# EXERCISE
From the listing below, copy each line that holds "Resort".

# SOURCE MATERIAL
------------------------------

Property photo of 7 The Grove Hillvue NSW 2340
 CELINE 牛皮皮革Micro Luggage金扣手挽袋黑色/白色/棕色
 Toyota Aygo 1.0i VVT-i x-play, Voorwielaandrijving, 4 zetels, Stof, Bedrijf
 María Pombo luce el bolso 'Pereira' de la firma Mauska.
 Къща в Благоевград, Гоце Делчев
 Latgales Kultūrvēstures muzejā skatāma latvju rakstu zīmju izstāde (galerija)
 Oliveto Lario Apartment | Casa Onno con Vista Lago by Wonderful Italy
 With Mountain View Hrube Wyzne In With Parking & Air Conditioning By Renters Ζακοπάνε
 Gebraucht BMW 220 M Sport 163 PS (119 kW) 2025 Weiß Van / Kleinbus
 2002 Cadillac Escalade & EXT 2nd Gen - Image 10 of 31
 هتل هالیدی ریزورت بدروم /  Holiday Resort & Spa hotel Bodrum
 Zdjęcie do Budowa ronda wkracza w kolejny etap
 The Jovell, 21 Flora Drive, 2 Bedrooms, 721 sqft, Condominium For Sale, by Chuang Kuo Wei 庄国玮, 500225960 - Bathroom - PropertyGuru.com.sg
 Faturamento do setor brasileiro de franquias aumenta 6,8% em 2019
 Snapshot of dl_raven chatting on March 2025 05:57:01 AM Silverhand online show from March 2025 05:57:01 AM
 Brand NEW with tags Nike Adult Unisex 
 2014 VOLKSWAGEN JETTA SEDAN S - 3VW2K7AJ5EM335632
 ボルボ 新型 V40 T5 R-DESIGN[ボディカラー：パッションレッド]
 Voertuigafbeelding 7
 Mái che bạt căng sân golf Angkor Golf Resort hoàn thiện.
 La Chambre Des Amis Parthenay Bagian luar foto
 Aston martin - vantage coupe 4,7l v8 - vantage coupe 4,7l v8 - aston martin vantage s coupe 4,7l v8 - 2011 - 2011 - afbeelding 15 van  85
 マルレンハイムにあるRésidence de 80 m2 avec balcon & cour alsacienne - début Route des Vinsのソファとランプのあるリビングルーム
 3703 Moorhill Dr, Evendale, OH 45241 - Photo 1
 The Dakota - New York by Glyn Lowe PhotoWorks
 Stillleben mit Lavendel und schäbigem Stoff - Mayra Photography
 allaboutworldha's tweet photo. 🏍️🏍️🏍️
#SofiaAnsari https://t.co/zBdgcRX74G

------------------------------

# WRITTEN RESPONSE
 هتل هالیدی ریزورت بدروم /  Holiday Resort & Spa hotel Bodrum
 Mái che bạt căng sân golf Angkor Golf Resort hoàn thiện.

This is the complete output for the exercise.